West stood up to those odds and learned how to get by on his own. His muscular arms are a testament to how ably he can get around both in his wheelchair and, when need be, by walking on his hands. He even demonstrated how he can perform a cartwheel, a skill he learned while on his high school’s cheer squad.
While West had many successes in life, cruel people continued to taunt him. They called him disabled. When other boys were playing sports, West hung out with girls. Thus, “I was called faggot, queer and gay.”
“Bullying wasn’t just a part of my school,” West noted. “It continues to happen. Bullying perpetuates hate. We can’t let this continue to happen in our schools and our communities.”
Students can act locally, he said, by standing up to bullies on campus and in the broader community.
“We need to have the courage to stand up every day and say, ‘No. Everybody needs to feel welcome,’ “ West said.
West told students how he made it through college, even when he felt lost at times, and landed a successful job in Phoenix. He was entirely independent and enjoyed professional success, but admitted he was not truly happy.
That’s when a longtime friend and mentor invited West to travel to Kenya through the Me to We program to build schools and other resources for families living in abject poverty.
“From the moment I went to Kenya, I felt peace and clarity,” West said. “I also felt sadness because I saw poverty firsthand.”
However, West was inspired by the Kenyan children who are so eager for education that they don’t mind learning in buildings that literally have no walls or any supplies. West was gratified to be part of a team that built small, plain buildings for students to attend school.

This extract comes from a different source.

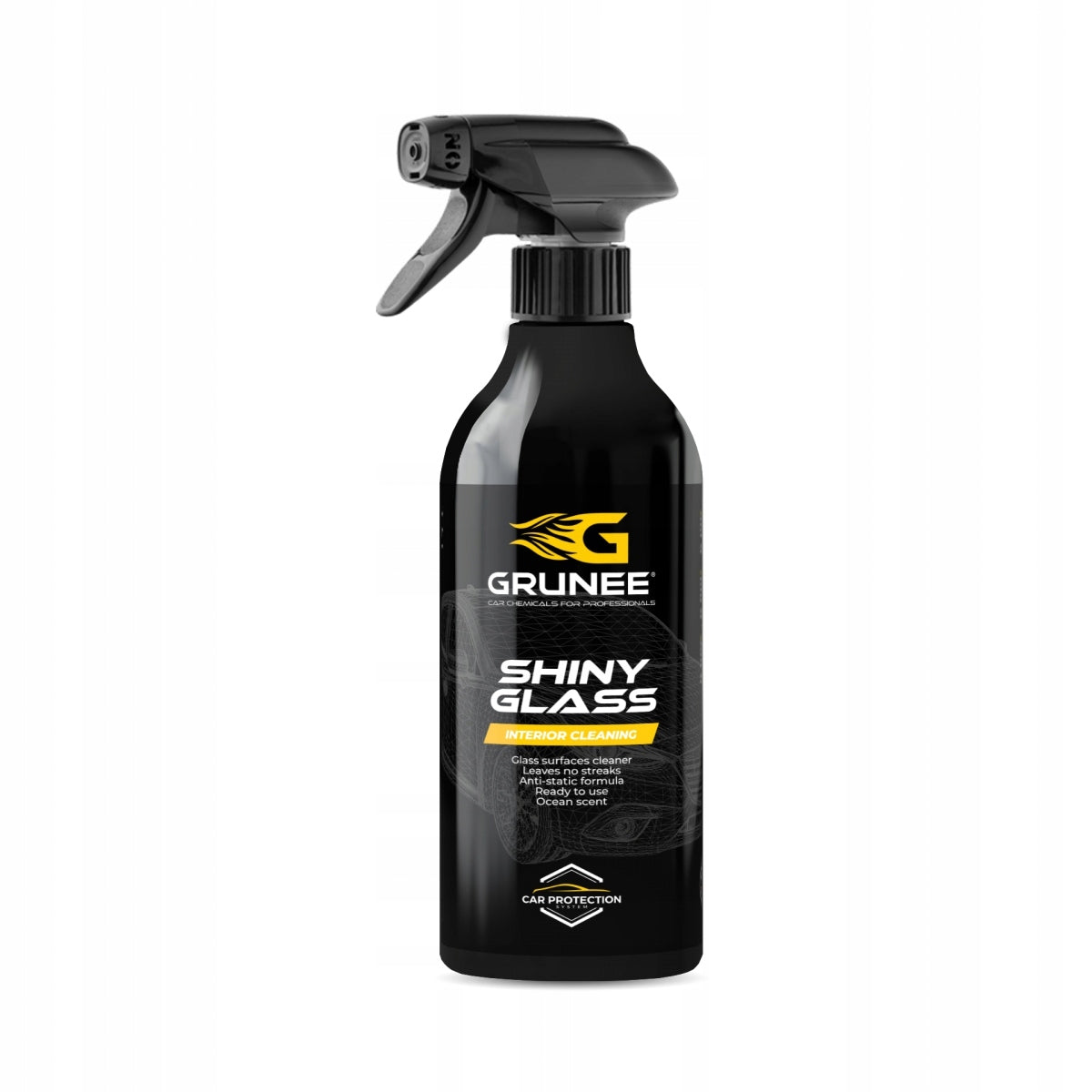 Shiny Glass Cleaner GRUNNE 0,5l -Liquid for cleaning car windows, mirrors Packaging status original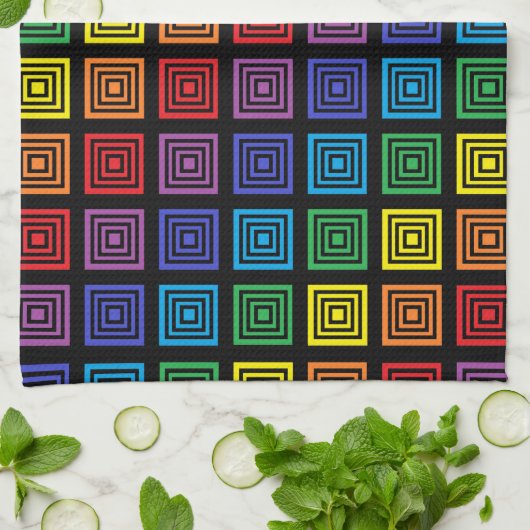 Rainbow Squared Black Theedoek (Gevouwen)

West encouraged students to be happy every day.
“Be thankful for the things that we have in our lives,” he said. He encouraged students to post online once a week something for which they are thankful.
The next step, he said, is to do something.
“It’s not always about raising funds,” West said. “It’s about raising awareness in the world.”
One action students will take is to support a Vow of Silence on Tuesday in support of Free the Children, a group with which Me to We works to build schools and provide clean water, alternative incomes and health education to help lift people out of poverty.
There are more than 20 clubs on campus that provide services to help others in need either locally or globally, Principal John Dwyer noted. This week, students will examine these clubs and choose one cause they’d like the entire school to rally behind and support.
“We have the power and the capacity to really do something and help others,” Dwyer said.
Motivational speaker Spencer West addresses students at the kickoff rally for Character Week.